§ **Supplied material**
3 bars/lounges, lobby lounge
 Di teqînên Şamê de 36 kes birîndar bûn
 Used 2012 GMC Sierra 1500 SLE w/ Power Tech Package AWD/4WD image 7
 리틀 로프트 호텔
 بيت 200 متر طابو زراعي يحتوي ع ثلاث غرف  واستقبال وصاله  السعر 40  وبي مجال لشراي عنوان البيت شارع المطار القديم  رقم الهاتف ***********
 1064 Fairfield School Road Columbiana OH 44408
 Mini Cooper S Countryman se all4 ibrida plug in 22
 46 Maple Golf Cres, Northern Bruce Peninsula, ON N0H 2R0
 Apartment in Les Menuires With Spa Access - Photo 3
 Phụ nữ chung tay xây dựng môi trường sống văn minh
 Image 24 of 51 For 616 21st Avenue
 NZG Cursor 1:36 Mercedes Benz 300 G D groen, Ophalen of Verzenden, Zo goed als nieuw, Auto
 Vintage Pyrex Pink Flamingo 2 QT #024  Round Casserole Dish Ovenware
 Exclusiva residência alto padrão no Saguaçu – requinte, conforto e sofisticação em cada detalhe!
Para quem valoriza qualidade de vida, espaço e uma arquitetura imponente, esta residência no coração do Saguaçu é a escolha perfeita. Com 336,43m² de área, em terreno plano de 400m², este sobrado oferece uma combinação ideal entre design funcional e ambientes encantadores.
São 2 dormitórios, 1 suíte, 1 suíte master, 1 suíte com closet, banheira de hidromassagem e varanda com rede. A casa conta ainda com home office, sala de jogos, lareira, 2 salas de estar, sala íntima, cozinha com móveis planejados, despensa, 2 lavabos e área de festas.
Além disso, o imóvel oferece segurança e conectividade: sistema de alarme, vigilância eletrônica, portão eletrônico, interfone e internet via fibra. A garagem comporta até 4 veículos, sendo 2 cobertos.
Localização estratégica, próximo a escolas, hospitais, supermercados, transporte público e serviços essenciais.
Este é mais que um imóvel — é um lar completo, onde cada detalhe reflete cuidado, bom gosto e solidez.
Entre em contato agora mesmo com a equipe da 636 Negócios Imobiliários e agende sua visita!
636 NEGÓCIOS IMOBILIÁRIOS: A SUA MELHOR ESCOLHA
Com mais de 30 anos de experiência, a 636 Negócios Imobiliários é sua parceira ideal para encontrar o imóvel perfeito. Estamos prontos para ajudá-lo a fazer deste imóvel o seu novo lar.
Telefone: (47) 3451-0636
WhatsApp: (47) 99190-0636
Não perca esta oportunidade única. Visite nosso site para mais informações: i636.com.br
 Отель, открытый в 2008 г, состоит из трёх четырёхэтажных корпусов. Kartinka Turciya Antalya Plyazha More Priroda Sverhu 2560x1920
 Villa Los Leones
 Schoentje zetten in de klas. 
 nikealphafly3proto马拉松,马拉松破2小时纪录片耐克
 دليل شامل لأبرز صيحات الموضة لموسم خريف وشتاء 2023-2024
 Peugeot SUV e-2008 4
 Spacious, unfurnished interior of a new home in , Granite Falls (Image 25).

§ **Required work**
Look for the word "residência" in every line of the listing and copy the lines that have it.

§ **Solution to this exercise**
 Exclusiva residência alto padrão no Saguaçu – requinte, conforto e sofisticação em cada detalhe!
Para quem valoriza qualidade de vida, espaço e uma arquitetura imponente, esta residência no coração do Saguaçu é a escolha perfeita. Com 336,43m² de área, em terreno plano de 400m², este sobrado oferece uma combinação ideal entre design funcional e ambientes encantadores.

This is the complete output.